The sophistication of this bespoke interior – the sense of light, the feeling that the roof is almost hovering above the rest of the body, so pencil-thin are its supports – all of this disposes you more favourably to the experiences of driving the 2000 Praho before you have even moved away.
The central instrument display is the Praho’s showpiece and obviously aeronautically inspired.
Apart from picking up almost every stray reflection going, it is a reasonable ergonomic success and a more memorable and pleasing layout than the arrangement in the Bertone production car
A sliding glovebox is let sneakily into the side of the binnacle for driving gloves and sunglasses.
This being a show car, everything is exquisitely finished and detailed plus, with so little distance covered over the past 52 years, the supple tan leather is gloriously unspoiled.
The generous front seats – with curious chrome buttons – take up most of the legroom for what is otherwise a sensible-looking rear bench.

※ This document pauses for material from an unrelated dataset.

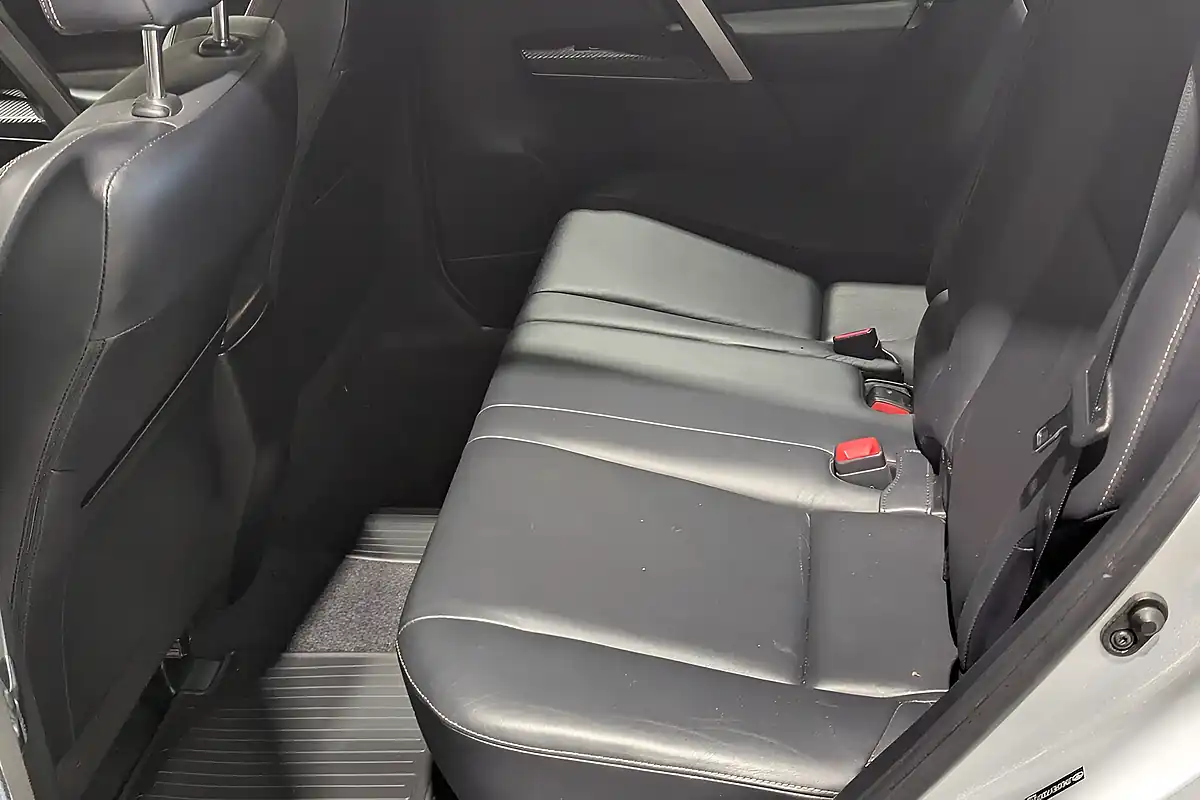 Used 2013 Toyota RAV4 Invincible Silver - Interior and Exterior details 18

The large windows make the Praho rather muggy inside, although the door glasses are regulated electrically so you can soon get some through-flow going.
The twin-cam four-pot is willing and flexible, rocking the gearlever gently in its bladder-like gaiter at tickover but smoothing out nicely as you accelerate with a subtle, throaty warble.
The huge plastic steering wheel looms out of the dead space above the footwells where you have a clear view of your feet operating the floor-hinged clutch and brake pedals.
And you can easily blip the smooth, fairly short-travel throttle with your heel while squeezing the centre pedal with the sole of your foot.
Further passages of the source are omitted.